Data excerpts:

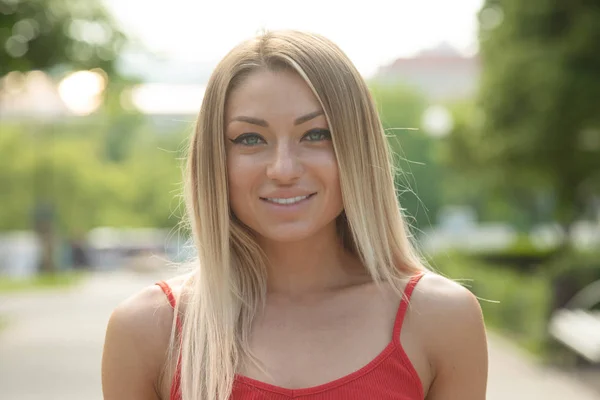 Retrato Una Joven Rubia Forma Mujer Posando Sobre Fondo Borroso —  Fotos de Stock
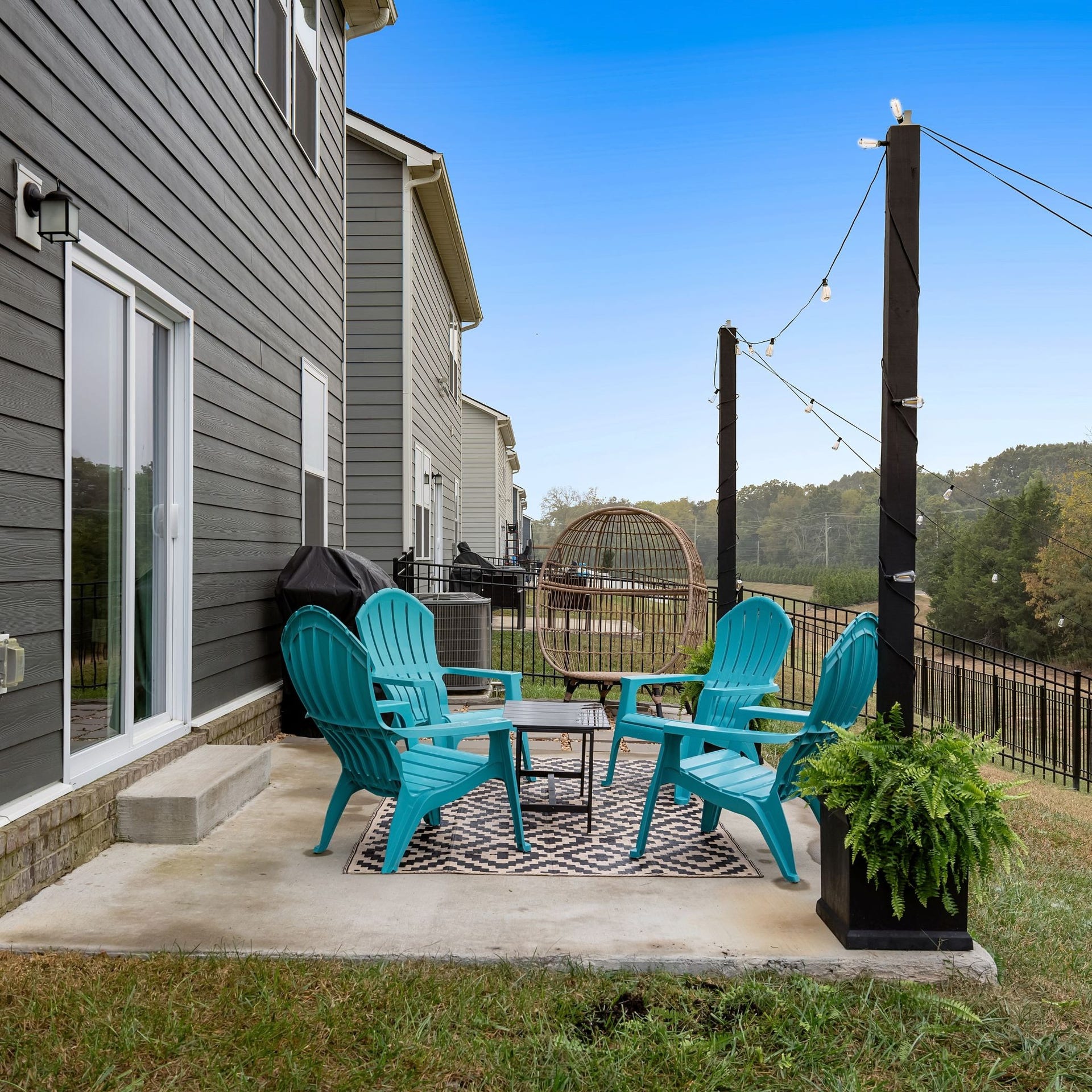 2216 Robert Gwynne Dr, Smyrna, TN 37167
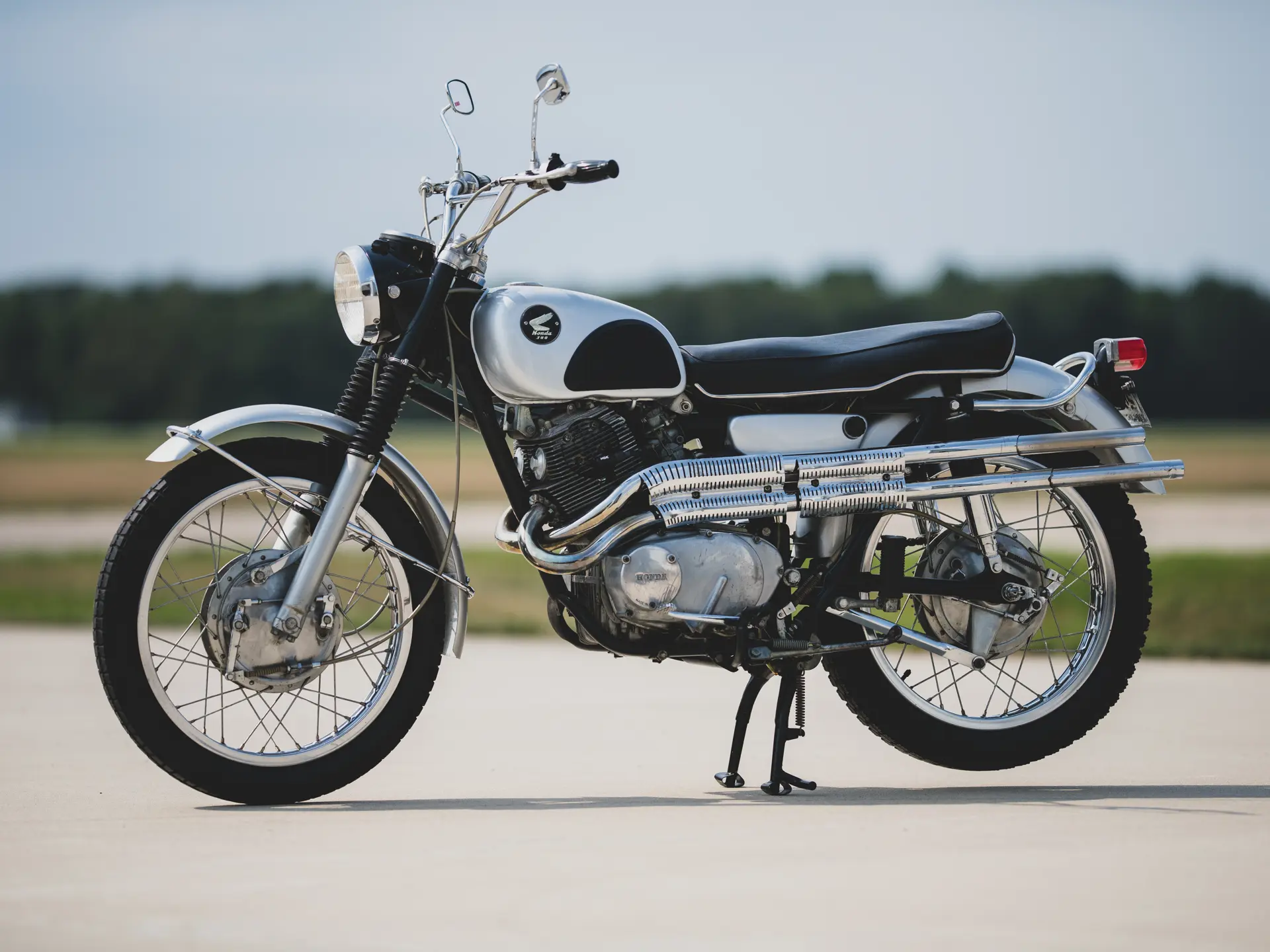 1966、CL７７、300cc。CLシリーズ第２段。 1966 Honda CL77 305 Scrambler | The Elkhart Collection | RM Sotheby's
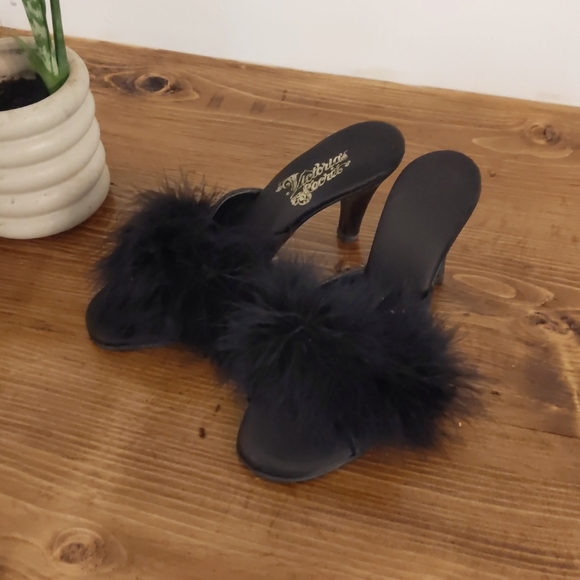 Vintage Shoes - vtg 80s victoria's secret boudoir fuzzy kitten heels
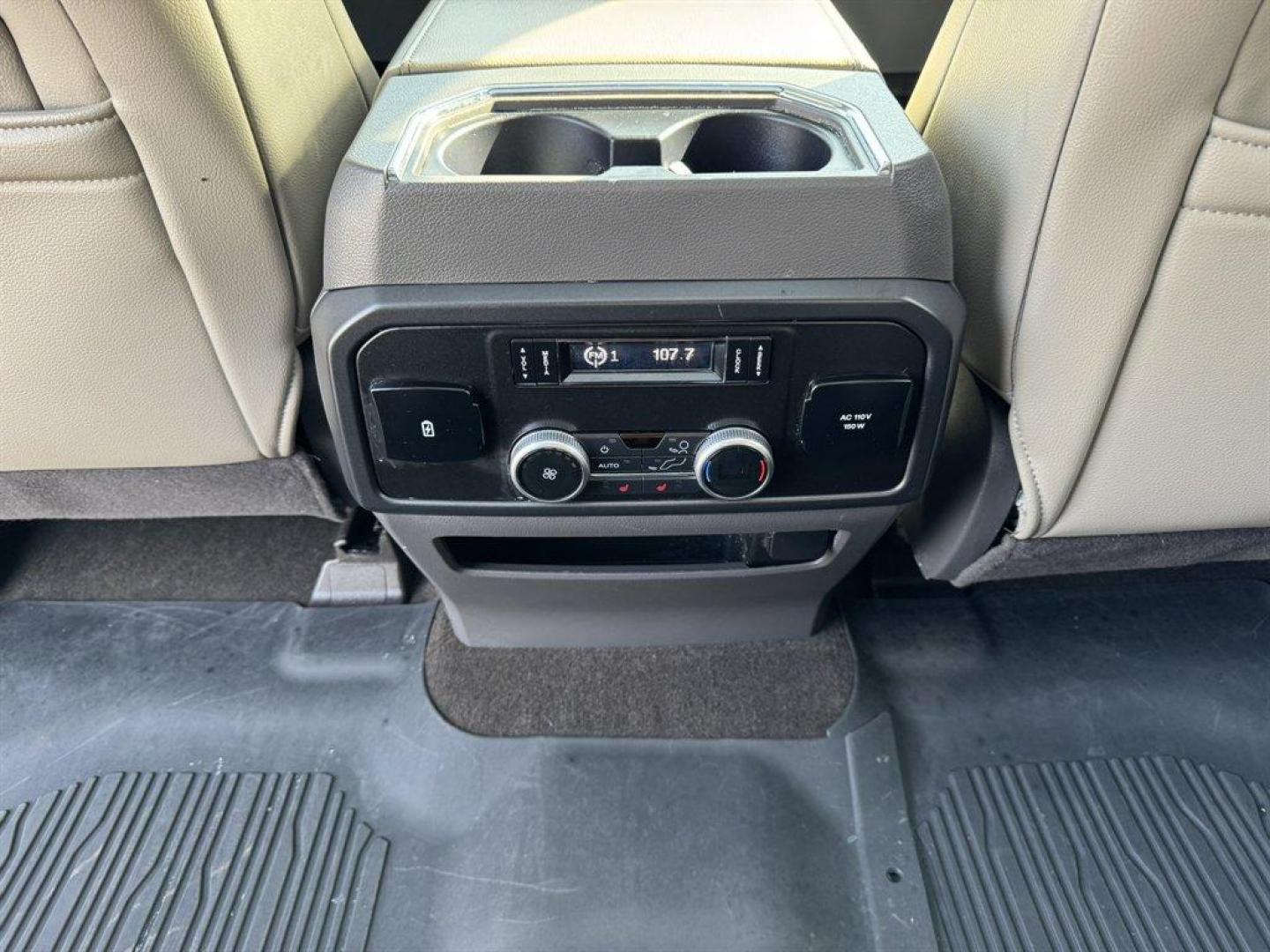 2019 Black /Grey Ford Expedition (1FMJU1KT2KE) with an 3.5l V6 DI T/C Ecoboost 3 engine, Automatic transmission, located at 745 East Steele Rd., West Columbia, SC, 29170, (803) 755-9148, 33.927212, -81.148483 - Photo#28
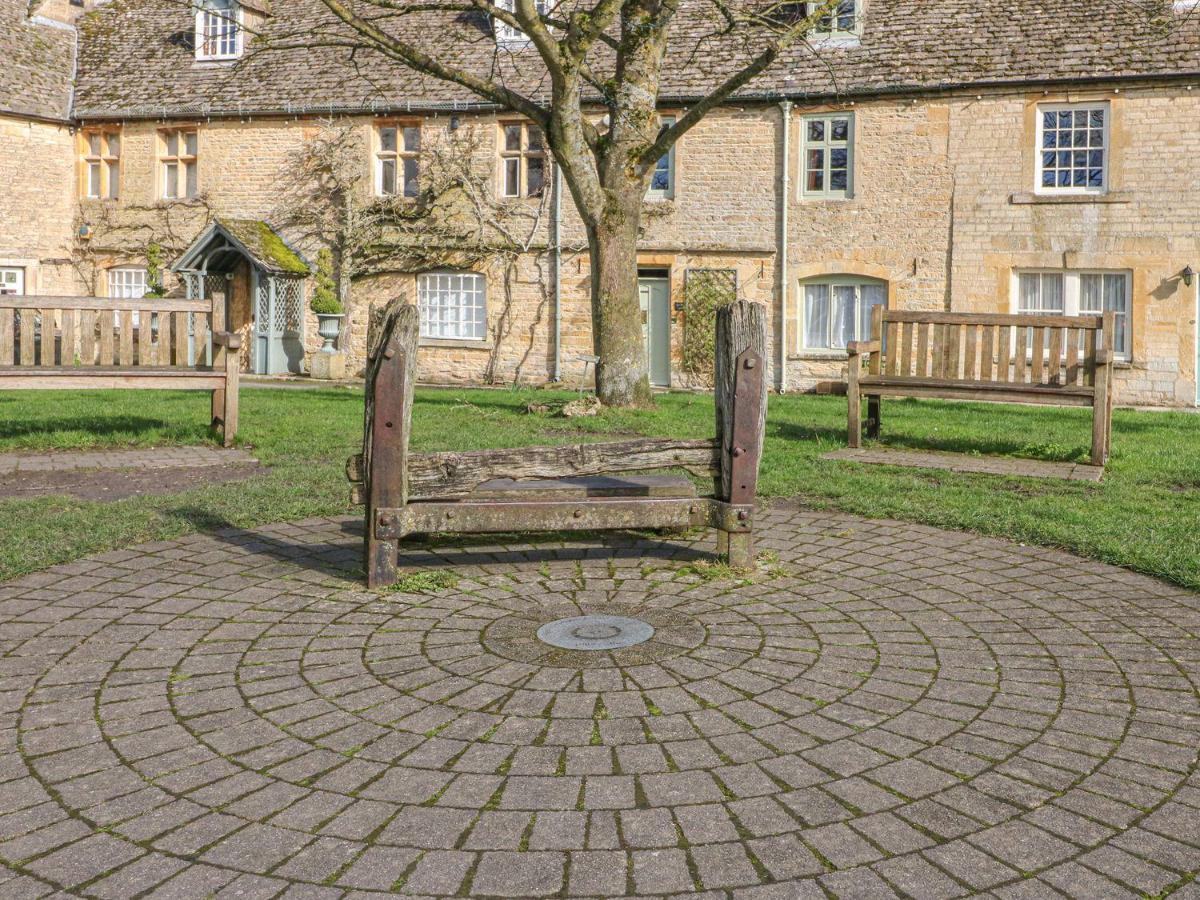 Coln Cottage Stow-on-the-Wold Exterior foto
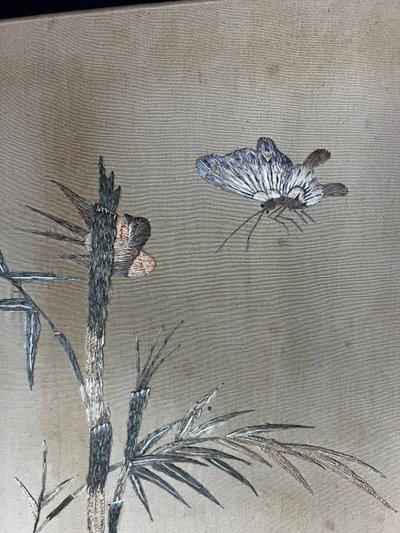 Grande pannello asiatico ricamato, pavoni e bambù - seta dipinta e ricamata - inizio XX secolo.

WHAT NEEDS TO BE DONE:
Look above for the line containing "2019 Black /Grey", then copy exactly from it through the line containing "Coln Cottage Stow-on-the-Wold Exterior foto", keeping both and leaving out pictures. Add nothing else.

REPLY:
 2019 Black /Grey Ford Expedition (1FMJU1KT2KE) with an 3.5l V6 DI T/C Ecoboost 3 engine, Automatic transmission, located at 745 East Steele Rd., West Columbia, SC, 29170, (803) 755-9148, 33.927212, -81.148483 - Photo#28
 Coln Cottage Stow-on-the-Wold Exterior foto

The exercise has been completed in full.